Data in this exercise »
--------------------------------------------------

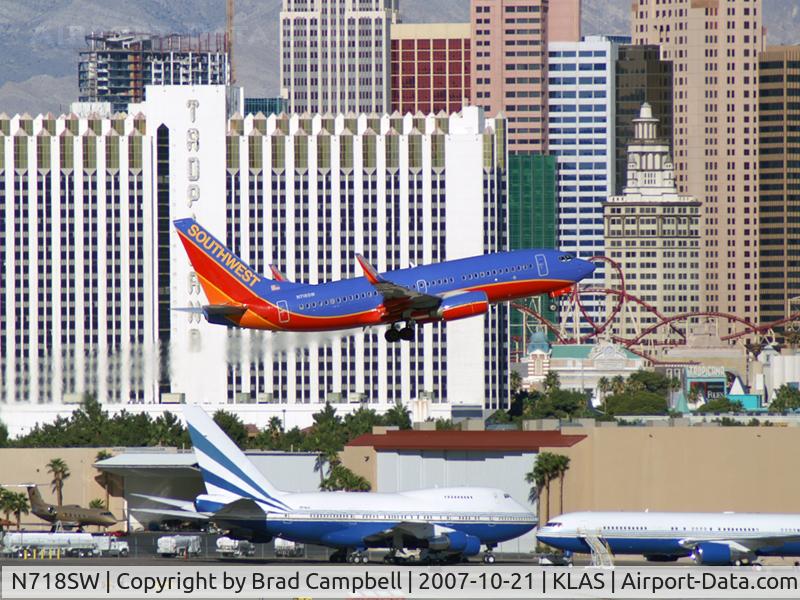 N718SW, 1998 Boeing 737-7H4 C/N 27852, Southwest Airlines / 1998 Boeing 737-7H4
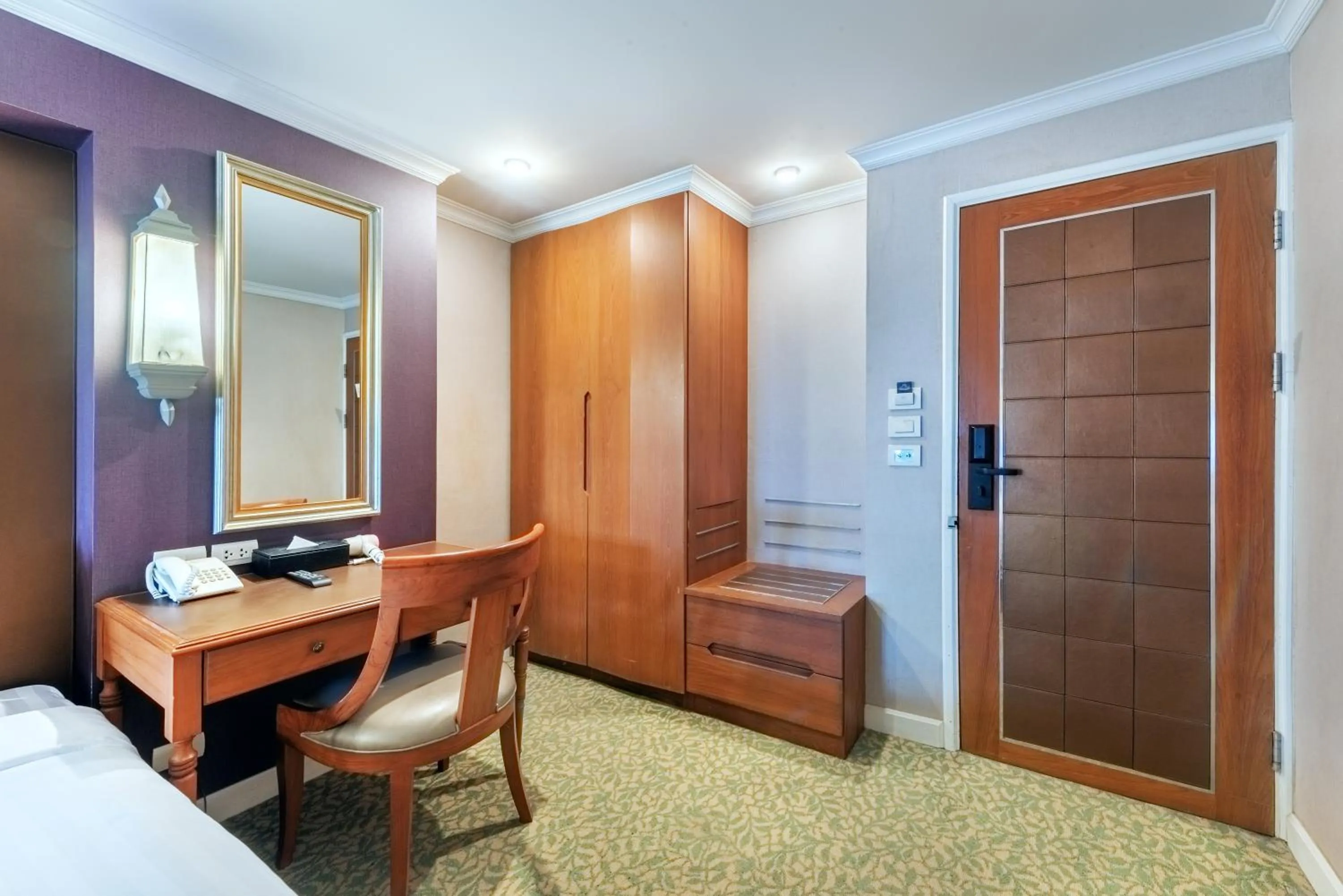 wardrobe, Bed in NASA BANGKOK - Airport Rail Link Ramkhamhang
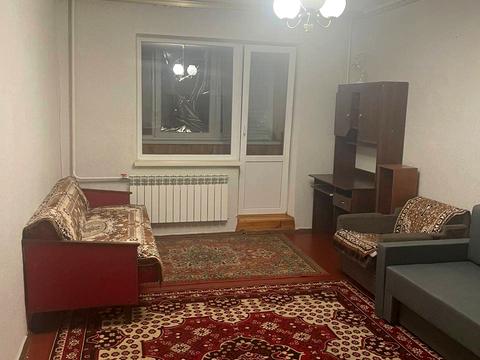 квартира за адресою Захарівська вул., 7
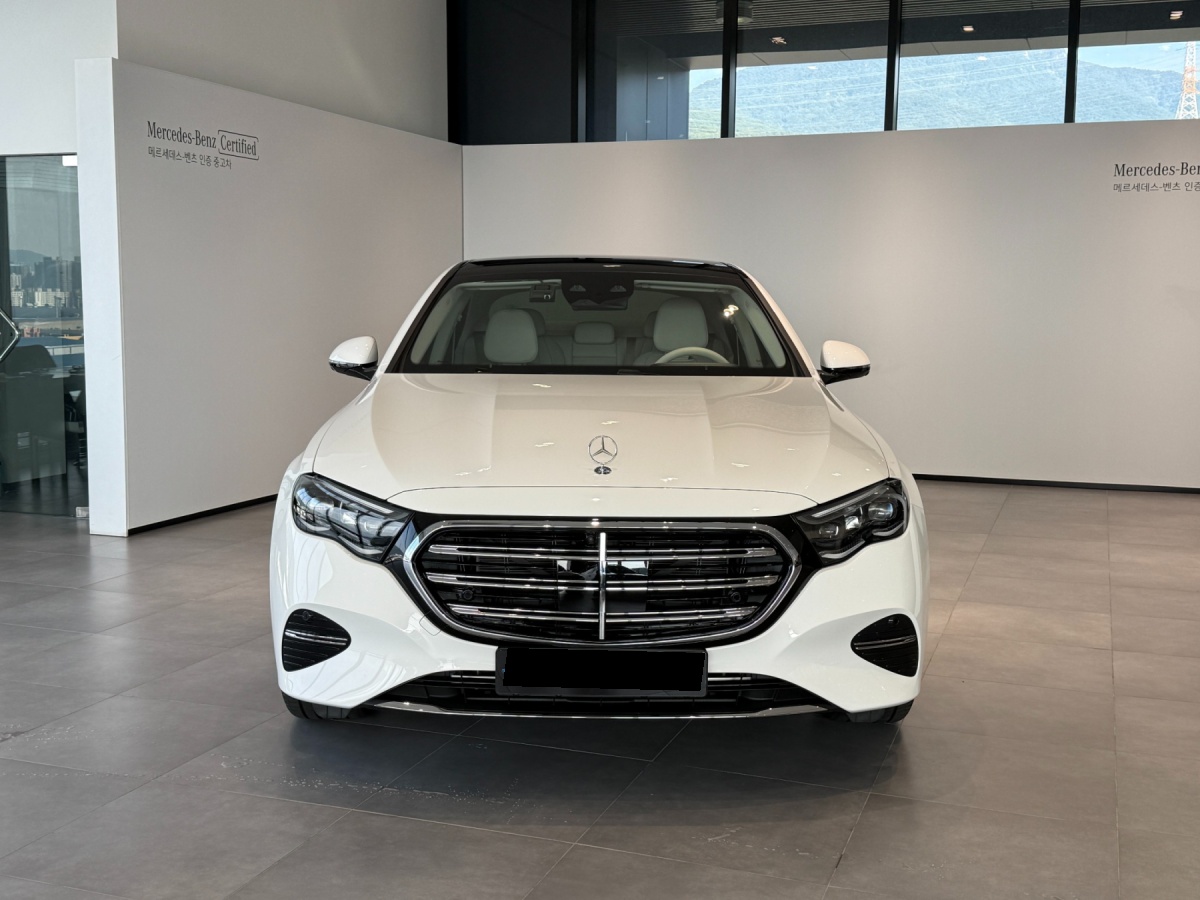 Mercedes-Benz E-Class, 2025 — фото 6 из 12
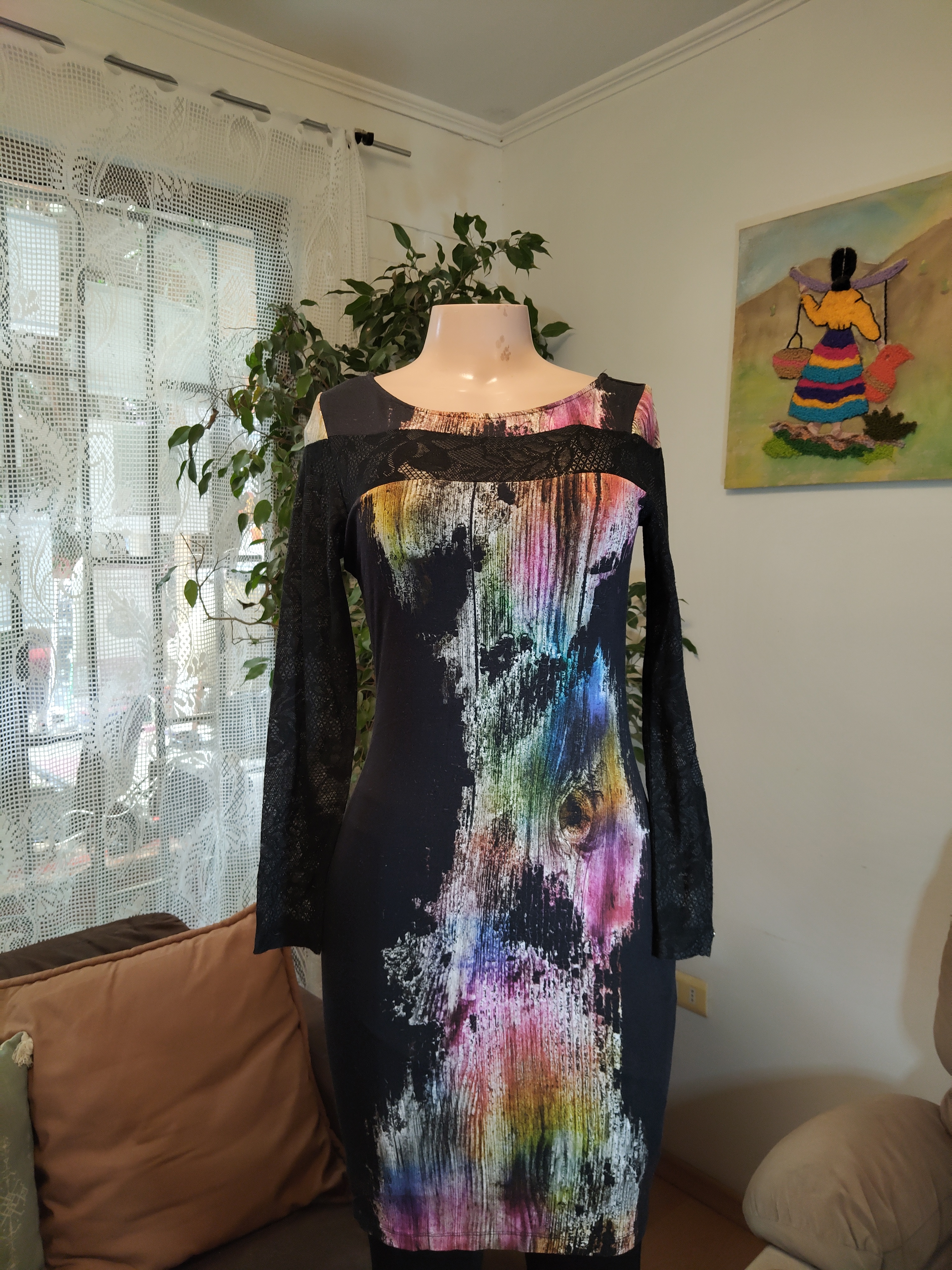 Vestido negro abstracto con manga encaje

--------------------------------------------------

What to do »
Would you give again, exactly as written, the lines from the one containing "wardrobe, Bed in" through the end of the records, with no pictures and no other lines?

Answer to this task »
 wardrobe, Bed in NASA BANGKOK - Airport Rail Link Ramkhamhang
 квартира за адресою Захарівська вул., 7
 Mercedes-Benz E-Class, 2025 — фото 6 из 12
 Vestido negro abstracto con manga encaje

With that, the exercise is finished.